[Recorded data]
------------------------------------------------------------

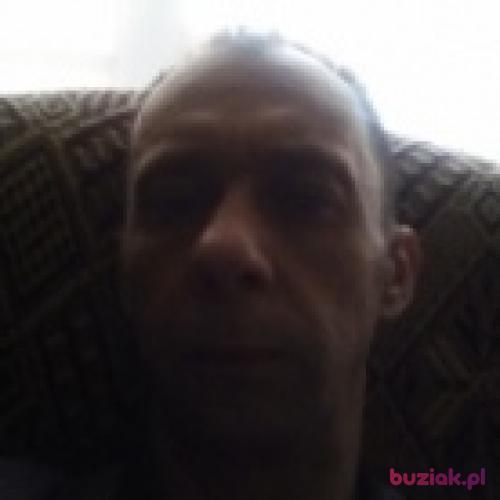 Malytom, Mężczyzna, 49 lat, Siedlce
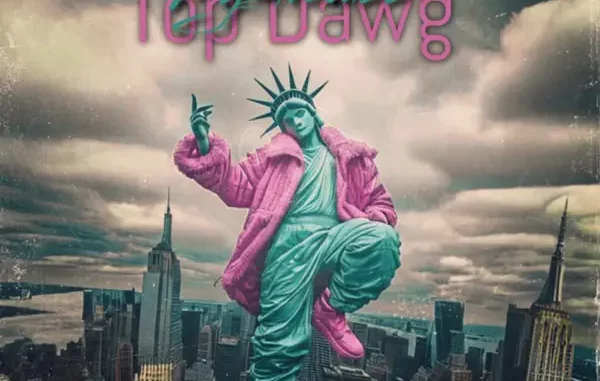 Flavour – I’m on Fire Mp3 downloads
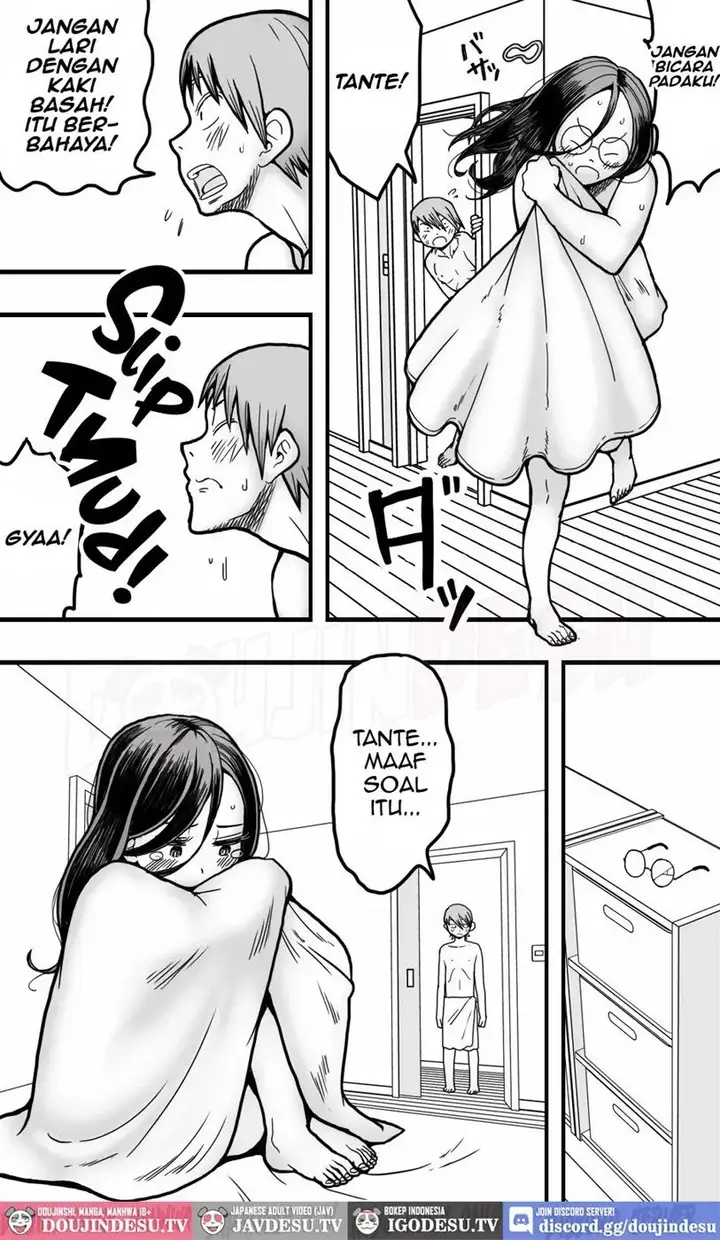 image-komik-arafou-shojo-no-jimi-oba-namaikina-oi-kko-aite-ni-toutou-chapter-01-29/46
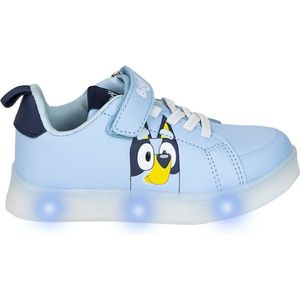 Cerda Group Lights Bluey Schoenen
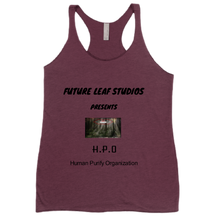 FLS tanktop-women-racerback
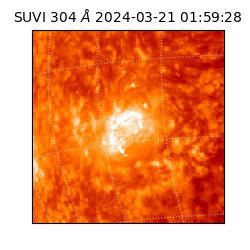 suvi - 2024-03-21T01:59:28.831000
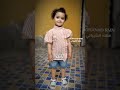 بنيتي احلى من الورد بنيتي احلى من الورد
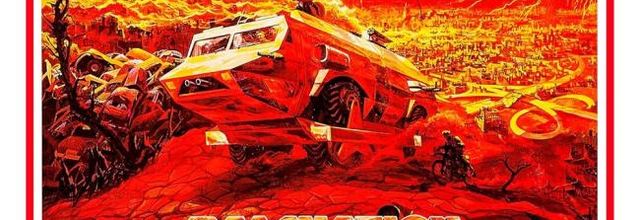 BOX OFFICE USA DU 27 OCTOBRE 1977 AU 2 NOVEMBRE 1977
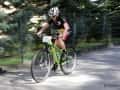 duathlon (192)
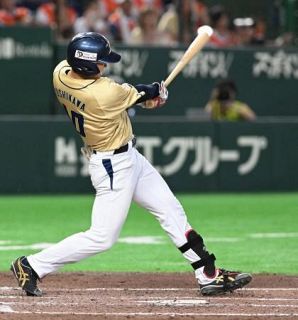 決勝は西濃運輸―ＮＴＴ西　都市対抗野球第１１日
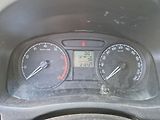 Škoda Fabia 1.2  BA+LPG - náhled 12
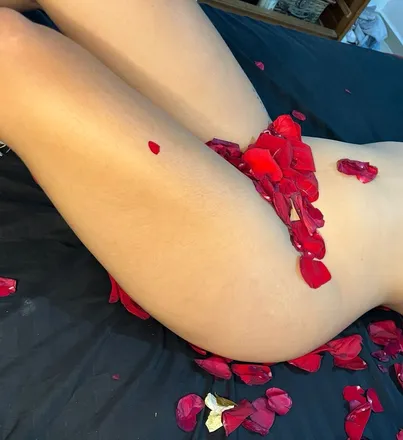 OnlyFans cuenta k1999_b header 2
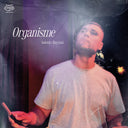 Pre-Order: Antonio Dayyani - Organisme [CD]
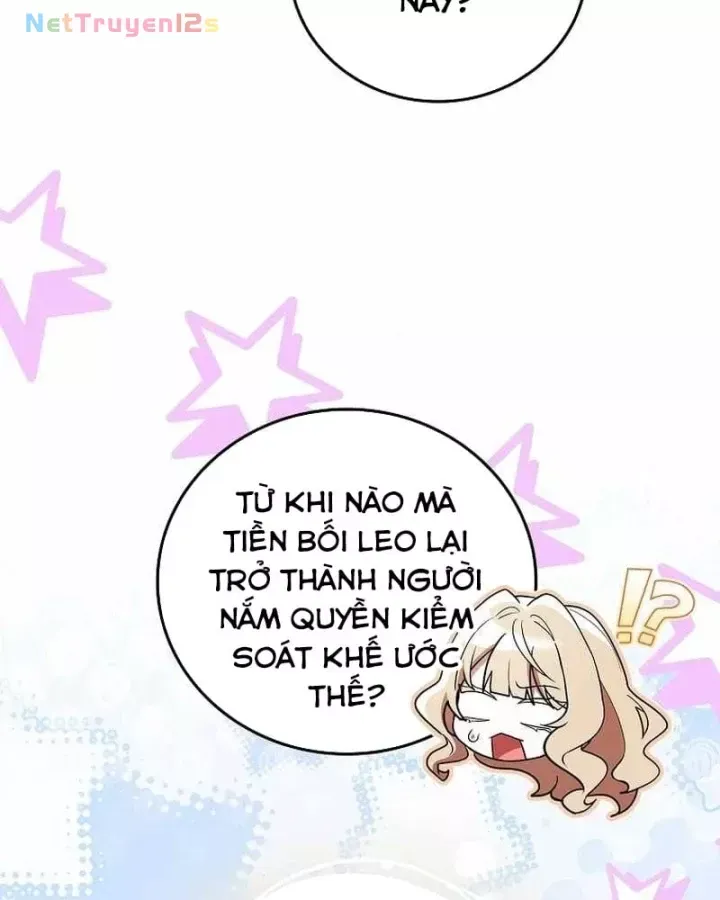 Trang 128
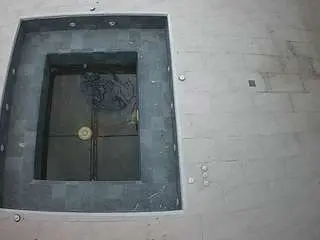 Camsoda Live Porn of voyeurcam-casa-salsa-hottub-view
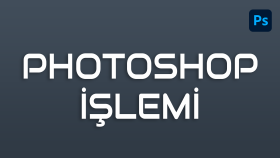 fotoğraflarınızı düzenlerim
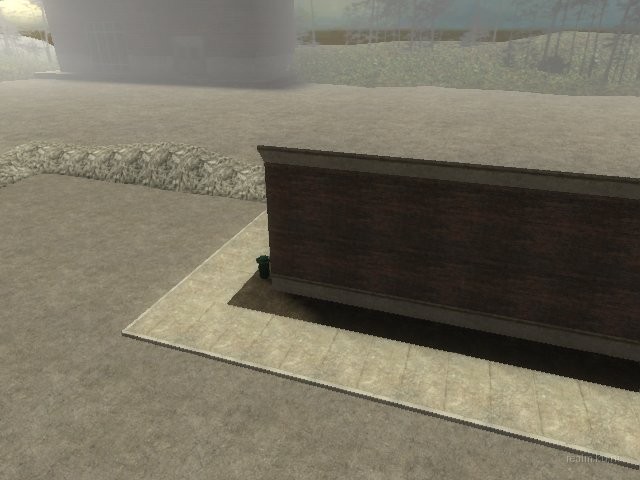 de_partycity thumb 38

------------------------------------------------------------

● **TASK ITEM**
Every entry must be retyped exactly, with the pictures removed.

● **ANSWER TO THIS TASK**
 Malytom, Mężczyzna, 49 lat, Siedlce
 Flavour – I’m on Fire Mp3 downloads
 image-komik-arafou-shojo-no-jimi-oba-namaikina-oi-kko-aite-ni-toutou-chapter-01-29/46
 Cerda Group Lights Bluey Schoenen
 FLS tanktop-women-racerback
 suvi - 2024-03-21T01:59:28.831000
 بنيتي احلى من الورد بنيتي احلى من الورد
 BOX OFFICE USA DU 27 OCTOBRE 1977 AU 2 NOVEMBRE 1977
 duathlon (192)
 決勝は西濃運輸―ＮＴＴ西　都市対抗野球第１１日
 Škoda Fabia 1.2  BA+LPG - náhled 12
 OnlyFans cuenta k1999_b header 2
 Pre-Order: Antonio Dayyani - Organisme [CD]
 Trang 128
 Camsoda Live Porn of voyeurcam-casa-salsa-hottub-view
 fotoğraflarınızı düzenlerim
 de_partycity thumb 38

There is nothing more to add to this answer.